Set down every record below exactly as it appears, but without the pictures.
• • • • • • •
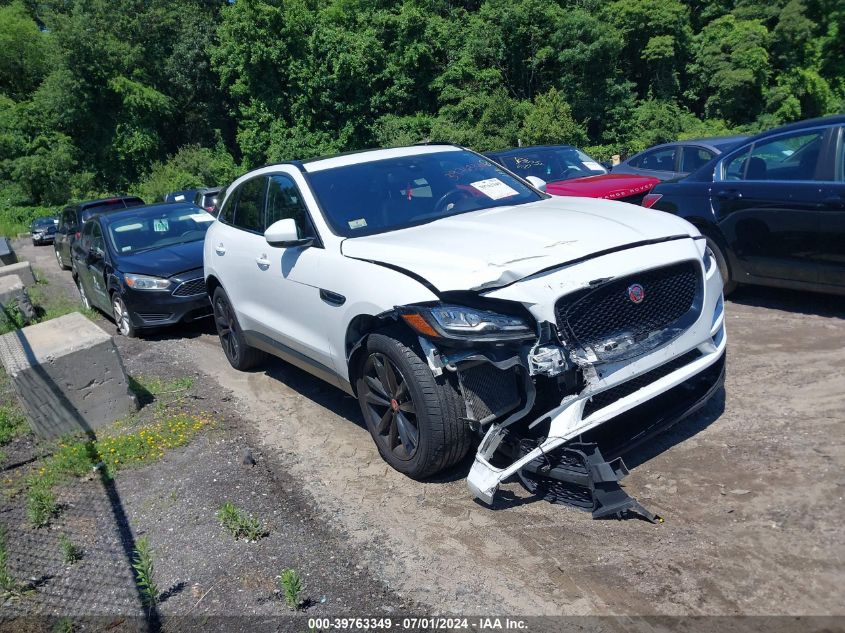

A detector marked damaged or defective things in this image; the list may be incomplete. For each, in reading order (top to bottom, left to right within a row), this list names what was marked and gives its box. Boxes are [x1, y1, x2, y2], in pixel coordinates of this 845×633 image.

damaged front end [396, 243, 724, 520]
detached bumper piece on ground [516, 440, 660, 524]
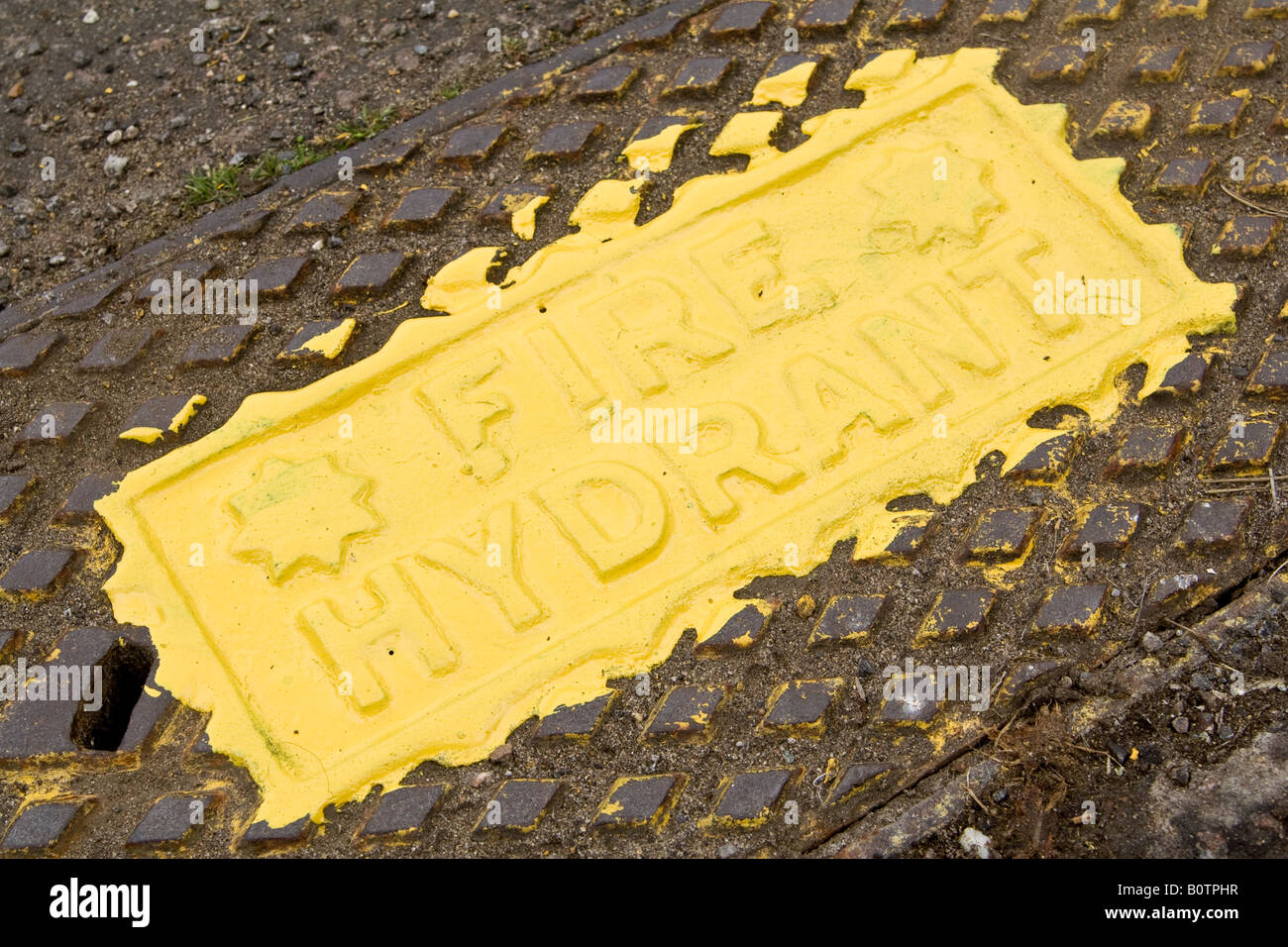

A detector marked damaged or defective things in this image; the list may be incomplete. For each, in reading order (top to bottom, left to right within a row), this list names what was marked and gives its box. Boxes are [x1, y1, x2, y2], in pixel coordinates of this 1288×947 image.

chipped yellow paint [752, 60, 818, 107]
chipped yellow paint [620, 120, 700, 172]
chipped yellow paint [509, 194, 551, 241]
chipped yellow paint [290, 320, 353, 361]
chipped yellow paint [118, 391, 206, 443]
chipped yellow paint [97, 50, 1236, 829]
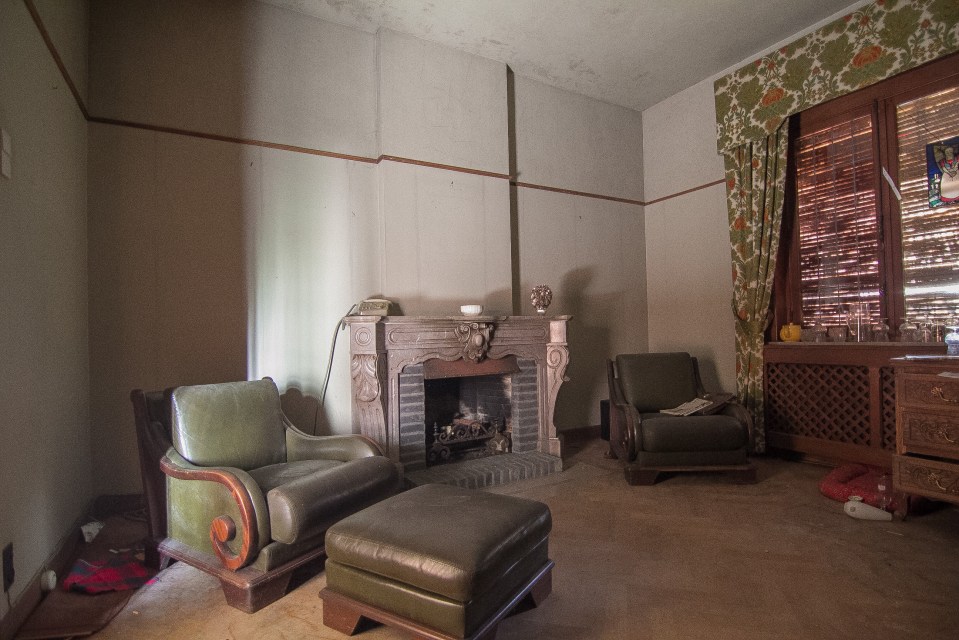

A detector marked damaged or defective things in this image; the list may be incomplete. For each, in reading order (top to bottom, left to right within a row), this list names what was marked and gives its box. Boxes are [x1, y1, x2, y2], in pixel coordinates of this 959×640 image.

peeling ceiling paint [256, 0, 864, 111]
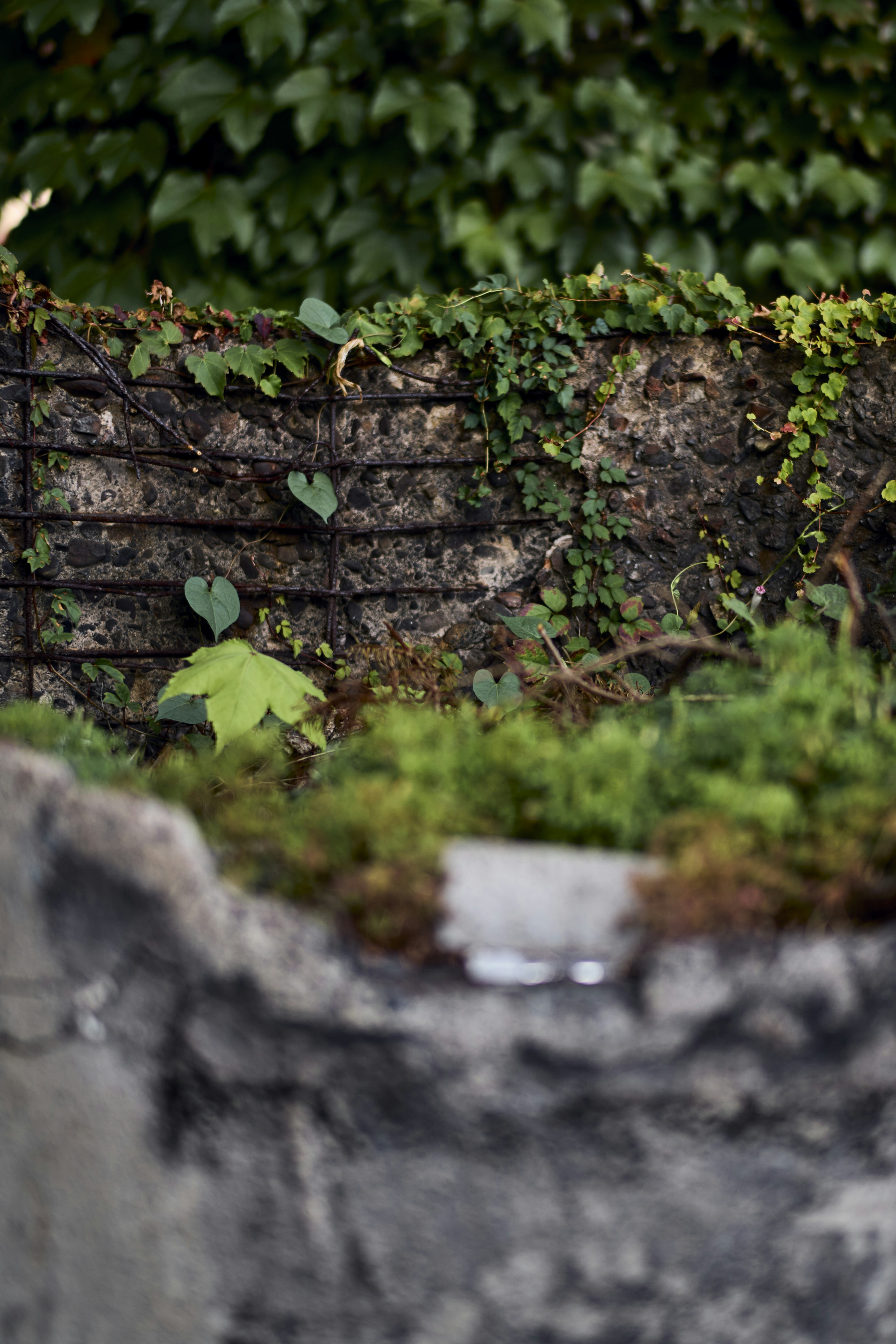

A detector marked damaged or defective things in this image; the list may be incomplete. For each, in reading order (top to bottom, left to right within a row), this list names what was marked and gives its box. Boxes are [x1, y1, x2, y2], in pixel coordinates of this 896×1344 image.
• • • • • • •
● Solution
A detector marked damaged or defective things in this image; the list may be incomplete. For each, in reading order (top to bottom, left to right within a row), this list names what was marked and gives its box. Boxes are [x1, y1, x2, y2], in pixel coordinates of this 845×633 image.

damaged front end [396, 243, 724, 520]
detached bumper piece on ground [516, 440, 660, 524]

A detector marked damaged or defective things in this image; the list may be incomplete. For each, in reading order (top to bottom, left to right within a row), this list names what was marked and gives its box. Boxes are [x1, y1, x2, y2], in pixel coordinates of this 1288×947 image.

chipped yellow paint [752, 60, 818, 107]
chipped yellow paint [620, 120, 700, 172]
chipped yellow paint [509, 194, 551, 241]
chipped yellow paint [290, 320, 353, 361]
chipped yellow paint [118, 391, 206, 443]
chipped yellow paint [97, 50, 1236, 829]

A detector marked damaged or defective things in this image; the list may be incomplete. For each, in reading order (top to bottom, left to right within a row), this list names what was marked and gives its box. Boxes are [x1, y1, x2, y2], in pixel coordinates of this 959×640 image.

peeling ceiling paint [256, 0, 864, 111]

A detector marked damaged or defective things in this image; the list may be incomplete. For each, in reading order (top to bottom, left to right within a row), this list names what was marked and gives its box. Boxes are [x1, y1, x2, y2], in pixel coordinates of this 896×1344 image.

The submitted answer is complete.